LATE summer into autumn is the season of village fairs and harvest festivals. Bunting goes up, produce is polished and displayed.
These gatherings are a joyful echo of something much older: the way harvest was once the work and celebration of the whole community. For centuries, it took a village to bring in the crop. Families, neighbours, and farm labourers worked side by side, sharing work and food, because no one could manage it alone.
Today, harvest looks different. A single farmer might sit for long hours in the cab of a combine harvester, covering in one day what once took dozens of people many weeks.
Machinery has replaced muscle, and with it perhaps some of the visible sense of community. But even now, no harvest is a solitary act. The newest technology still depends on the turning of the seasons, the balance of sun and rain, the health of the soil, the unseen work of worms, fungi, and pollinators. Beneath every loaf of bread and every pint of cider lies a web of dependence, stretching wider than we imagine.
Harvest reminds me of something essential: we cannot do anything entirely on our own. It takes a village — human and non-human — to raise a child, to grow our food, to sustain our lives from one season to the next. Our efforts are always met by gifts we did not create and cannot control.
This is not a new truth. Our Anglo-Saxon ancestors who settled here long ago, named their months in recognition of efforts and gifts: Hærfestmōnaþ (harvest month) in September, or Hāligmōnaþ (holy month), when they gave thanks for the fruits of the land.

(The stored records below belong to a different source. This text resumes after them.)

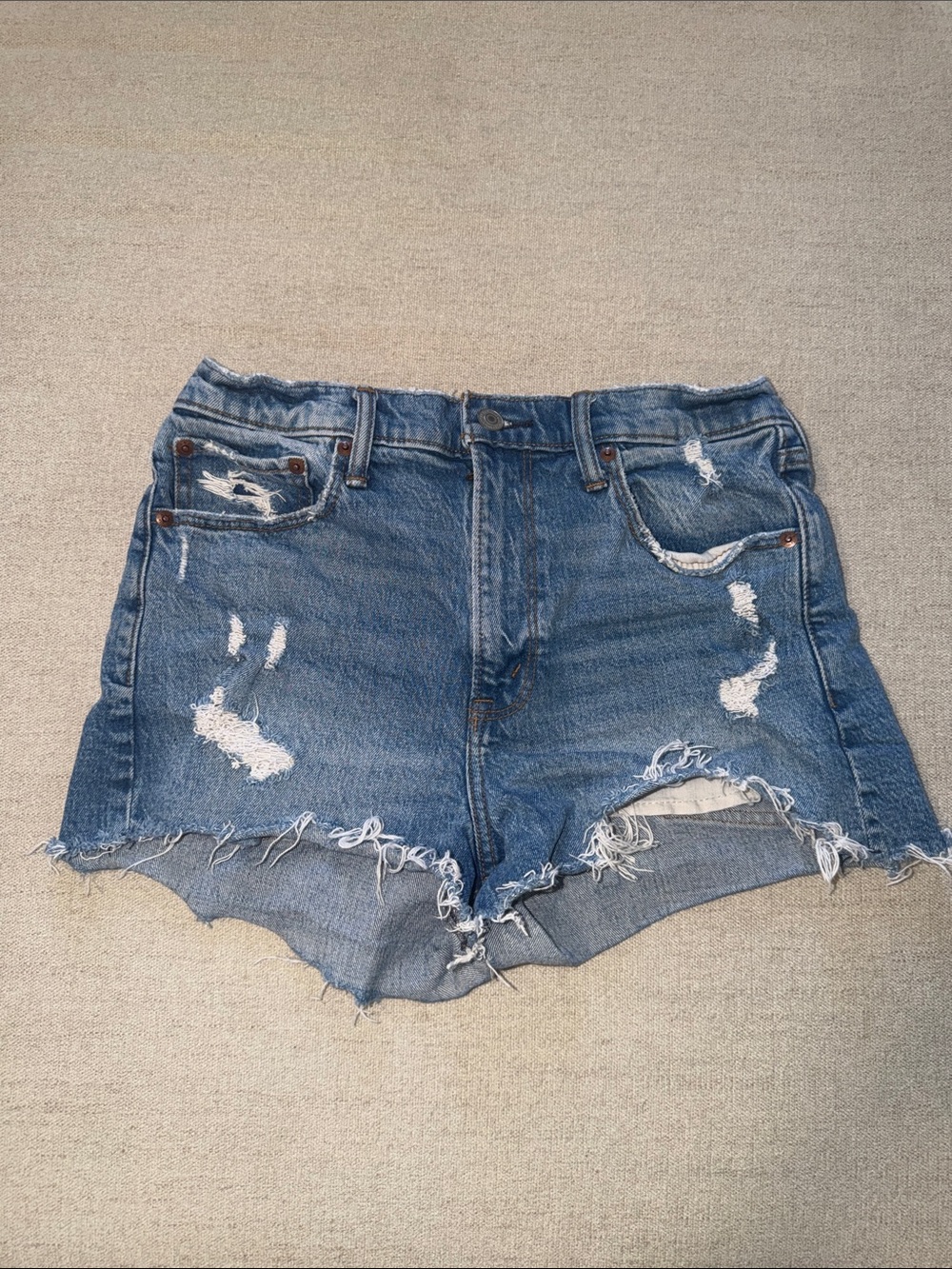Abercrombie & Fitch Distressed Blue Denim Cutoff Shorts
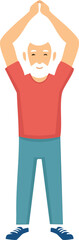 Vector Elderly Man in Red Shirt Stretching with Arms Raised, Cheerful Cartoon Illustration on White Background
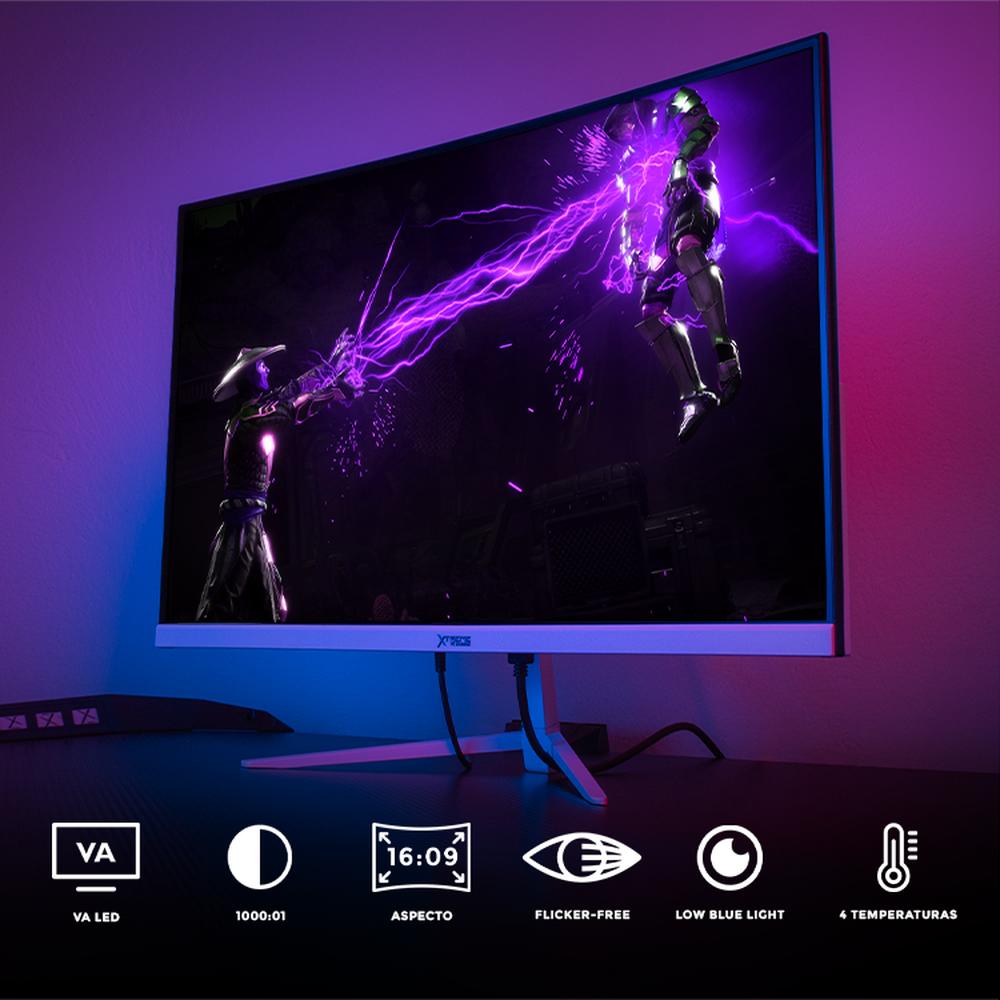 Foto 6 pulgar | Monitor Gamer Xtreme Pc Gaming Clarity Curvo 23.8'' 4ms 100hz Fhd Va Hdmi Blanco Freesync G-sync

They knew that abundance and survival were shared matters, dependent not just on human labour but on weather, land, and unseen forces beyond their command. To celebrate harvest was to acknowledge dependence, and to give thanks.
For Christians, this giving of thanks finds its home ultimately in God. Harvest Festival is more than tradition — it is an ancient act of recognition that all things come from God, and a chance to offer gratitude and the first fruits of labour in return. And it is a reminder of Jesus’ words that we do not live by bread alone.
In our own age, when independence is often prized above all, harvest offers a gentle corrective. The food in our kitchens, the roofs over our heads, the schools that teach our children, the roads we travel — all are the work of many hands. And beyond human effort, we live daily by grace: by air we did not invent, by sunlight we cannot summon, by rain we cannot schedule.
Perhaps a good way to approach harvest then is with gratitude. Gratitude for the ways that our villages and communities still gather. Gratitude for the web of gifts, human and more-than-human, that sustain us. Gratitude that in a fragmented age, an old truth endures even when we feel alone — that we belong to one another, and to the Earth and God that holds it all.